About this exercise »
Of all the entries below, retype only the lines from the one with "Зарядная станция BLUETTI" through the one with "پریموراک بدون کربن", exactly as they appear.
(Beginning of Dataset records)
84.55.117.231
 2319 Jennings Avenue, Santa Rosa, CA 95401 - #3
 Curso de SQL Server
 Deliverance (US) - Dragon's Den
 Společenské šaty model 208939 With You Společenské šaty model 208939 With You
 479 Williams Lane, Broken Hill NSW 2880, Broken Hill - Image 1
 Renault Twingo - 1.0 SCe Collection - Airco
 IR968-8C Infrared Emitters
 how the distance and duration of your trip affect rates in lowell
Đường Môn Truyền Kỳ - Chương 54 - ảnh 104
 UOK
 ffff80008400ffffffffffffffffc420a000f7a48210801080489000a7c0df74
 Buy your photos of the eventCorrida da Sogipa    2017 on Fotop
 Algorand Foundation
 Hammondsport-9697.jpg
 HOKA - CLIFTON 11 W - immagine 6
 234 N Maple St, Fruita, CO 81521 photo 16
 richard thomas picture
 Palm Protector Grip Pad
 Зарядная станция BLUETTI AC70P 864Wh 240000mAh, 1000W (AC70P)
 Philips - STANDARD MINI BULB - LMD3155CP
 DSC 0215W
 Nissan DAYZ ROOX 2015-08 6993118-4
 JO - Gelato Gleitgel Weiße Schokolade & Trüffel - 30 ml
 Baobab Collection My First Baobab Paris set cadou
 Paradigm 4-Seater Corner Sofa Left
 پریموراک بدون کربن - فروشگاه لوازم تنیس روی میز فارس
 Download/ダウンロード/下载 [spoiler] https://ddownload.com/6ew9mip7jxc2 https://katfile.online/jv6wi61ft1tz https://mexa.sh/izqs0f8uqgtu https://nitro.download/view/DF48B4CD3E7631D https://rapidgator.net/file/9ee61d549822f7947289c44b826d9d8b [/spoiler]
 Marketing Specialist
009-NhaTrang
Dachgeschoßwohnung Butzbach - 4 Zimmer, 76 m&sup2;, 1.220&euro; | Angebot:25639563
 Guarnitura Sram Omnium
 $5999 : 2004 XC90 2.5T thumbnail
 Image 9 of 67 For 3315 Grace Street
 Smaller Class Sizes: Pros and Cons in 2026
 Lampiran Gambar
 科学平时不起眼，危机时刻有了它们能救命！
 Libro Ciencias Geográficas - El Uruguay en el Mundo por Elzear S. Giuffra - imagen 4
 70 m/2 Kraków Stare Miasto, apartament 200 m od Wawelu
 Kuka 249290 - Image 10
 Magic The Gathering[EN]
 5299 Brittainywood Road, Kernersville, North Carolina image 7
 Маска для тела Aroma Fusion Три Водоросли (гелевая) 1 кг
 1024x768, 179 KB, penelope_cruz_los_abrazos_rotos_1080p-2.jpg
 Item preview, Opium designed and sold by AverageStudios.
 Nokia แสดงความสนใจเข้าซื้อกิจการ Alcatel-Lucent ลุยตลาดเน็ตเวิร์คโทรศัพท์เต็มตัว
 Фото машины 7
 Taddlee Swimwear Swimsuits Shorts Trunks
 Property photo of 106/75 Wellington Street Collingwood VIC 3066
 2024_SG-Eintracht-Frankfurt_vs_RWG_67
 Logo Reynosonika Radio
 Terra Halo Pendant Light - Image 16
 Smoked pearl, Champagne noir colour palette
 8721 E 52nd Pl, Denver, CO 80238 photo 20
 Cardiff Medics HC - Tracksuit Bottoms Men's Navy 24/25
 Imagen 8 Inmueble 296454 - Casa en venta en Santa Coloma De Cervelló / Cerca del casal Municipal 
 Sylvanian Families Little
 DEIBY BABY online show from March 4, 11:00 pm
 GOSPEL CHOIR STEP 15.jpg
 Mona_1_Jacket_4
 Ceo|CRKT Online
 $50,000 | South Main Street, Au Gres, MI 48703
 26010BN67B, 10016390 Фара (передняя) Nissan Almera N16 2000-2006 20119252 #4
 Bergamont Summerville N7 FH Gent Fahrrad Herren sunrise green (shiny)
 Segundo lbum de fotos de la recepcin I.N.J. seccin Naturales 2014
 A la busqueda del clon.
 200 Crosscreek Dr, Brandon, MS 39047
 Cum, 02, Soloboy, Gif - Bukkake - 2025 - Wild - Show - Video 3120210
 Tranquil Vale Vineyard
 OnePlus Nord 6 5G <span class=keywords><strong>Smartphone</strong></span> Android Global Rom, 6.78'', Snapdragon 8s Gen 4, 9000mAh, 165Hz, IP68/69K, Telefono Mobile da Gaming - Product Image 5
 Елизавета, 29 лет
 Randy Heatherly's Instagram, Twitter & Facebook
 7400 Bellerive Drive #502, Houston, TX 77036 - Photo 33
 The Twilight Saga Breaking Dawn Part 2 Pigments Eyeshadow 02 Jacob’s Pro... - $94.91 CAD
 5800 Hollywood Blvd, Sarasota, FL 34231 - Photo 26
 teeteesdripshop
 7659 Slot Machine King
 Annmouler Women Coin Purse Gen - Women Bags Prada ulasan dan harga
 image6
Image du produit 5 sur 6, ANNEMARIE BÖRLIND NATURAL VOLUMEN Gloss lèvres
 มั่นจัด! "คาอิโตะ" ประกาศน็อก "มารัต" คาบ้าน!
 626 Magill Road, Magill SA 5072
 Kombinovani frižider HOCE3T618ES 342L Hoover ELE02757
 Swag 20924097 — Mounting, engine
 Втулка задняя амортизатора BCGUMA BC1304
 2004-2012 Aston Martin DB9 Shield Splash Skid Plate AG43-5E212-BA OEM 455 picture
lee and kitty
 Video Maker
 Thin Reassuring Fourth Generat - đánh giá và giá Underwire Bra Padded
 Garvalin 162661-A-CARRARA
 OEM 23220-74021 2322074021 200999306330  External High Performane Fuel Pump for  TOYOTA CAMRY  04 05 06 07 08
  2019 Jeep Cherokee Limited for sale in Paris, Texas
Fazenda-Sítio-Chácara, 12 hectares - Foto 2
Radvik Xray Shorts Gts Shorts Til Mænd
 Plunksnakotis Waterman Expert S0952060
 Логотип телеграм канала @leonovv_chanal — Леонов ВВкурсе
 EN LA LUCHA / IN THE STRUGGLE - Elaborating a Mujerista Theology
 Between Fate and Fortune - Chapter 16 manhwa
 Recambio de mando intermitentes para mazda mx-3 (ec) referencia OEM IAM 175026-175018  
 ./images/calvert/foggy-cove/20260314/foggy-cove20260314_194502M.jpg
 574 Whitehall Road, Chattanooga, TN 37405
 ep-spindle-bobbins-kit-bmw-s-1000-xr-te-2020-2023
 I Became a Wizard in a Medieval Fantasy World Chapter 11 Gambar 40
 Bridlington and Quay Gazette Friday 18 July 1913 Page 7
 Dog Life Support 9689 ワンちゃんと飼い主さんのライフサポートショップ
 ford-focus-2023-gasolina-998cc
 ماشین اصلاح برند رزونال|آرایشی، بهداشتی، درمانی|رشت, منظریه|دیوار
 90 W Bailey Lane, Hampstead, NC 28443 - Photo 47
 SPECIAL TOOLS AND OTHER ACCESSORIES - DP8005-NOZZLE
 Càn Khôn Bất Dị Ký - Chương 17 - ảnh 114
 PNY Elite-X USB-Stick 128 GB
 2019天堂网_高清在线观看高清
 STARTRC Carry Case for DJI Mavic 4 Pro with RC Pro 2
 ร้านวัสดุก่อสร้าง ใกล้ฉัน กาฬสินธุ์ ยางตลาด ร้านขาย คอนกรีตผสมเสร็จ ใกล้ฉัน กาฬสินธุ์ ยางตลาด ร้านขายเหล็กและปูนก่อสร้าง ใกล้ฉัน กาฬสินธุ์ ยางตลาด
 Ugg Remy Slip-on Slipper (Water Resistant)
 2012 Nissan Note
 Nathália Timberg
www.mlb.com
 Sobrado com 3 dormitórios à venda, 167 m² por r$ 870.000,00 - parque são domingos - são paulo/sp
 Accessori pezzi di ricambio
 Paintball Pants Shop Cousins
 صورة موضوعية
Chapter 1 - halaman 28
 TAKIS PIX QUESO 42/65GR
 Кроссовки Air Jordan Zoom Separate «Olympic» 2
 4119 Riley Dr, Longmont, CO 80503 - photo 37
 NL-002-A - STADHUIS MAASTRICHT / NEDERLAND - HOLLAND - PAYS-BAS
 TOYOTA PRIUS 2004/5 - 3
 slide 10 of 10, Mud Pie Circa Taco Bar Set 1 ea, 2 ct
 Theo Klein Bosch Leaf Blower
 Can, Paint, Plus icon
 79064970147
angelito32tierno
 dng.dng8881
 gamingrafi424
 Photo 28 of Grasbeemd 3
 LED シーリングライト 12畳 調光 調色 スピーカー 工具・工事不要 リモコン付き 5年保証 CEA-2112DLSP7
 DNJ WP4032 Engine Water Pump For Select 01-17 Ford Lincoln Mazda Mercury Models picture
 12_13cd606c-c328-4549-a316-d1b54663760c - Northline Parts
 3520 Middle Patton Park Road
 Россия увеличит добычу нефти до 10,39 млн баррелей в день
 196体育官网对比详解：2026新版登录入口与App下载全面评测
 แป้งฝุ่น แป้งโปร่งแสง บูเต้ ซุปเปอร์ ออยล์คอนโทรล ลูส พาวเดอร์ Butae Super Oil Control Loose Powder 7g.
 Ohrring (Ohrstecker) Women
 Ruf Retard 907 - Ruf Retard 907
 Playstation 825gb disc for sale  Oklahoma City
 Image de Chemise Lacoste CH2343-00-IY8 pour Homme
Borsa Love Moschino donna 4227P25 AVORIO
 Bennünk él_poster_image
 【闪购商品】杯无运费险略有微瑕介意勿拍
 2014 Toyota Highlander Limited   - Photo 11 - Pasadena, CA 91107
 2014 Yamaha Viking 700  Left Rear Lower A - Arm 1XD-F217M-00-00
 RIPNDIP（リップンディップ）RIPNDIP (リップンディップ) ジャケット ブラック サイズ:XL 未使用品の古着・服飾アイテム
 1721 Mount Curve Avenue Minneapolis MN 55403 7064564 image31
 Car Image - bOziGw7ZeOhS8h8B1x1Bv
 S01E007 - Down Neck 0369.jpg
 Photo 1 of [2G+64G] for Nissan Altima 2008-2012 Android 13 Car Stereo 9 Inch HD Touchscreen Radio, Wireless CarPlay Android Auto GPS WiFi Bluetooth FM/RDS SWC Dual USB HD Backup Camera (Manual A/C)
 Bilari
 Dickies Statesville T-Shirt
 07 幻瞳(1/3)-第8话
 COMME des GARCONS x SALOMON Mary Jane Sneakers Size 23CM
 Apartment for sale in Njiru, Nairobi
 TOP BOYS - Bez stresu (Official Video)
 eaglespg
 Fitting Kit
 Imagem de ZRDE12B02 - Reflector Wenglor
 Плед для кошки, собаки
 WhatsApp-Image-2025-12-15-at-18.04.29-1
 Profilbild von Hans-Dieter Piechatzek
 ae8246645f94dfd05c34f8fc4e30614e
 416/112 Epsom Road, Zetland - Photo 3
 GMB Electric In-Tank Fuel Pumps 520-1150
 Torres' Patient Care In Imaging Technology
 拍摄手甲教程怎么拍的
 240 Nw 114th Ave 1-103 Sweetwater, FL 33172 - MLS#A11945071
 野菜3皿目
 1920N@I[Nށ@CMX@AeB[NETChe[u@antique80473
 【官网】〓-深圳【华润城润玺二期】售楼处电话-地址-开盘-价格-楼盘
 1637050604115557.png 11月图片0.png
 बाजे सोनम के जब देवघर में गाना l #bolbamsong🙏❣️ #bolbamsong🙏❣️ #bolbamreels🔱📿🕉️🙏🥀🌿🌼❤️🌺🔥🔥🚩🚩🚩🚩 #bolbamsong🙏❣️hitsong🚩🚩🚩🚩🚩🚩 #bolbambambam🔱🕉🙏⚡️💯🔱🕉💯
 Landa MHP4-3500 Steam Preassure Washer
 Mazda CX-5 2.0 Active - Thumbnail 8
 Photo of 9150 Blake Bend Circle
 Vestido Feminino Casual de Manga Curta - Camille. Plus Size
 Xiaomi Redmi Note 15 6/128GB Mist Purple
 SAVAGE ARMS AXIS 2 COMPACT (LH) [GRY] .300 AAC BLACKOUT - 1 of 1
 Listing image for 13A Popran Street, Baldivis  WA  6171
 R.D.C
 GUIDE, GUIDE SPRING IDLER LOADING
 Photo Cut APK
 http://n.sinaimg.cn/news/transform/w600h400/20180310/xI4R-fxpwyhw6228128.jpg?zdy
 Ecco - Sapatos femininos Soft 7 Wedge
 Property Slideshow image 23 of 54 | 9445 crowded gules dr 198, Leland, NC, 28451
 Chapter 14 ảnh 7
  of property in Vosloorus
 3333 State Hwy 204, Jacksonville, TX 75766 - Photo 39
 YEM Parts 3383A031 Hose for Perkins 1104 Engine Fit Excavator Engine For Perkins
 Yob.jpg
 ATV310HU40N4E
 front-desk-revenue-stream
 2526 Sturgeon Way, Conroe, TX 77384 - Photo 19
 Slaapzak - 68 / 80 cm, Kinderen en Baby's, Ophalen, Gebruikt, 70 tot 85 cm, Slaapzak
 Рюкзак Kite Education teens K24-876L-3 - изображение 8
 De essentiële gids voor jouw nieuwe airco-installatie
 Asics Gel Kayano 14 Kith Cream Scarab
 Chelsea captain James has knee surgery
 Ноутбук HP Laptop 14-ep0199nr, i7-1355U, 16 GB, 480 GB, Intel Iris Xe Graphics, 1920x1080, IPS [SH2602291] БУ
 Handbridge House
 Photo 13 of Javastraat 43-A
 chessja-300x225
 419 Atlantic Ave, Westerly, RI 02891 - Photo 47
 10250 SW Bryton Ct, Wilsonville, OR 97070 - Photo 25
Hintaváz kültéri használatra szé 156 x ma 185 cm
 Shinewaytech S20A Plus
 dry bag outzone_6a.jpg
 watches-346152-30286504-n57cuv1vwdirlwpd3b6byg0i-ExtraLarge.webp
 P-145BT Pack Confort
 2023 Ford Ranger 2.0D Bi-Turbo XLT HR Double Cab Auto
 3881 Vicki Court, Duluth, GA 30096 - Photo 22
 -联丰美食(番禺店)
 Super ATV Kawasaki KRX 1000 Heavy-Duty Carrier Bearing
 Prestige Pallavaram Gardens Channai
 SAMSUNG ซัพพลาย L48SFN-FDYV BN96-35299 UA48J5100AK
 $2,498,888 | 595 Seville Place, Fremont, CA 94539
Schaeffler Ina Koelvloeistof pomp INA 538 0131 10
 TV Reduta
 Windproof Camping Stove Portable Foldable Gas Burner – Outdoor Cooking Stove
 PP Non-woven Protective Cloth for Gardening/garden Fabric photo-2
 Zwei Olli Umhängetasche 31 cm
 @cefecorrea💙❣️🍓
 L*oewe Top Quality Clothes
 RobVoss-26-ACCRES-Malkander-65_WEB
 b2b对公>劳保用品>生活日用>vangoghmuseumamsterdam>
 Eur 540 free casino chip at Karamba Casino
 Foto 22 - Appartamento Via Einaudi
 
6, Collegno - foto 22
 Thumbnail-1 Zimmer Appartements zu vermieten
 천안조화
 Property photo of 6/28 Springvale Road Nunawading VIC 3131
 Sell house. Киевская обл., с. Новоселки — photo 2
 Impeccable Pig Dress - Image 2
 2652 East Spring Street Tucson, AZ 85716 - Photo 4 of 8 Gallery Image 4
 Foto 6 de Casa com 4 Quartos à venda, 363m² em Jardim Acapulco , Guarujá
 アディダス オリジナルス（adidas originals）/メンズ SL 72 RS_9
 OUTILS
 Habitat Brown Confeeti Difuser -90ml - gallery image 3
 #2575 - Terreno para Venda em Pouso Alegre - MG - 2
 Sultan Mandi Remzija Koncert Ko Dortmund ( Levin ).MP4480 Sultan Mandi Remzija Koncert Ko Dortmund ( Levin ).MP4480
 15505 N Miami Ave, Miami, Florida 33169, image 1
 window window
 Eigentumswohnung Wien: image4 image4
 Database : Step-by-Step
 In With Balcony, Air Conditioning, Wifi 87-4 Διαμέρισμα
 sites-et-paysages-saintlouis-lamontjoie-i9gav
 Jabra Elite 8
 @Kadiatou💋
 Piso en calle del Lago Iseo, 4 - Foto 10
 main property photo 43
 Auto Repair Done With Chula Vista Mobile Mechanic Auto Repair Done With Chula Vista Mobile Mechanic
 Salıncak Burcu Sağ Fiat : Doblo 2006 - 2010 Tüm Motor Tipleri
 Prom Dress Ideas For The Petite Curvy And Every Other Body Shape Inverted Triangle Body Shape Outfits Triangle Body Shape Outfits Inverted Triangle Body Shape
(End of Dataset records)
Written response »
 Зарядная станция BLUETTI AC70P 864Wh 240000mAh, 1000W (AC70P)
 Philips - STANDARD MINI BULB - LMD3155CP
 DSC 0215W
 Nissan DAYZ ROOX 2015-08 6993118-4
 JO - Gelato Gleitgel Weiße Schokolade & Trüffel - 30 ml
 Baobab Collection My First Baobab Paris set cadou
 Paradigm 4-Seater Corner Sofa Left
 پریموراک بدون کربن - فروشگاه لوازم تنیس روی میز فارس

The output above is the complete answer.